- Dataset extract
----

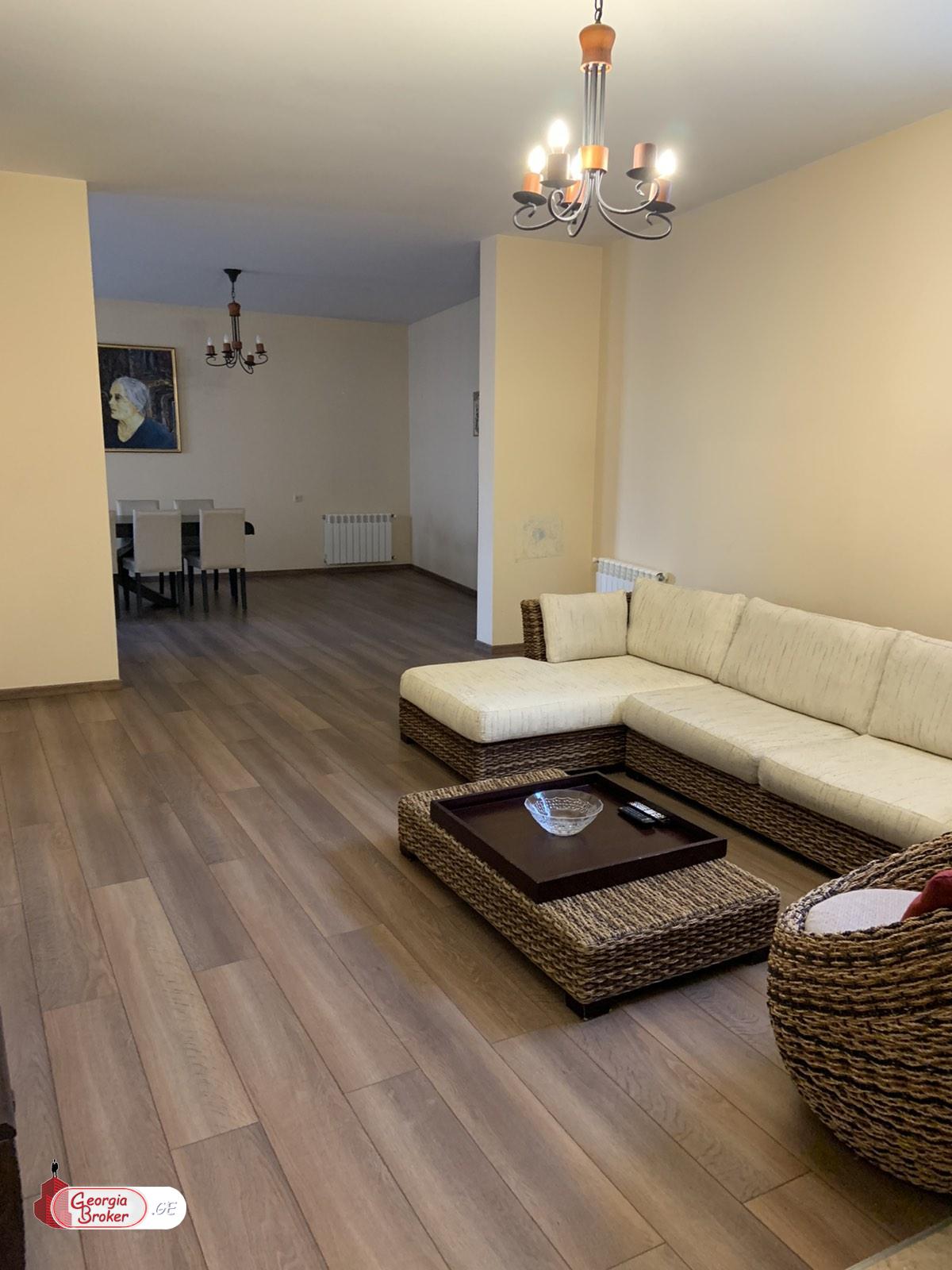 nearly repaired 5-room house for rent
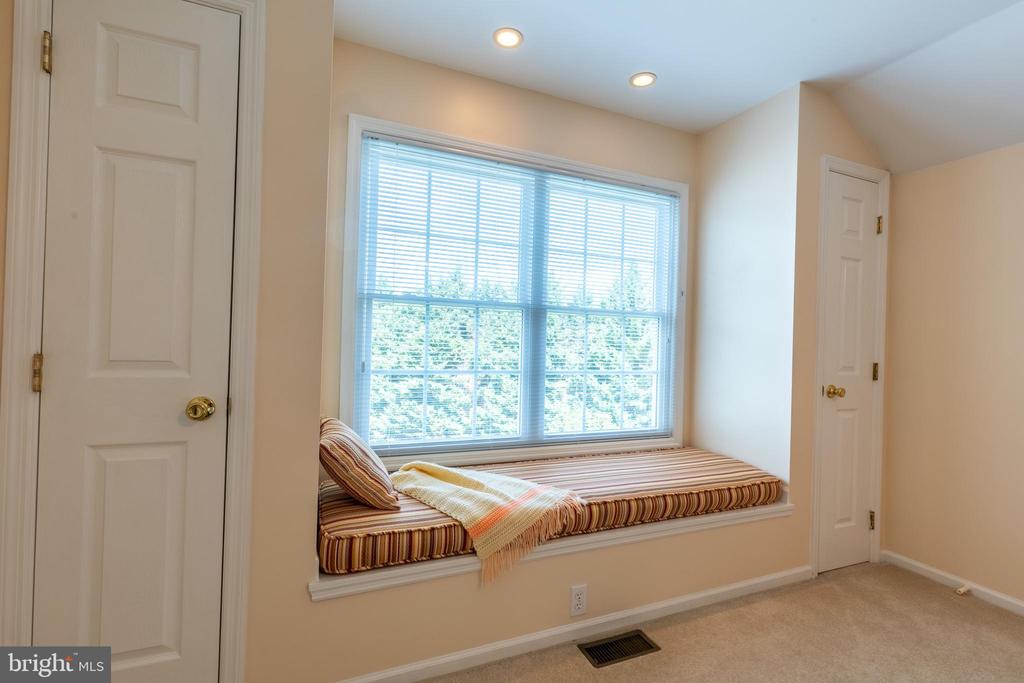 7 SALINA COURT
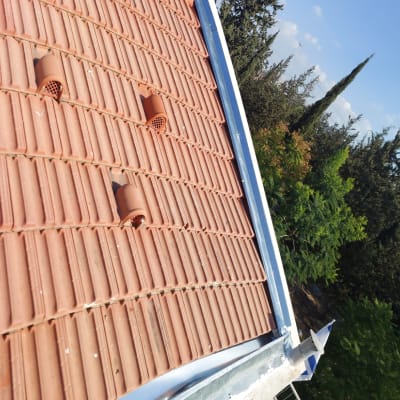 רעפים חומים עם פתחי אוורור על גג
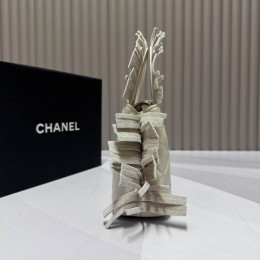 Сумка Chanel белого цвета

----

- What is required
All of the data, minus its pictures, should be repeated exactly.

- Your solution
 nearly repaired 5-room house for rent
 7 SALINA COURT
 רעפים חומים עם פתחי אוורור על גג
 Сумка Chanel белого цвета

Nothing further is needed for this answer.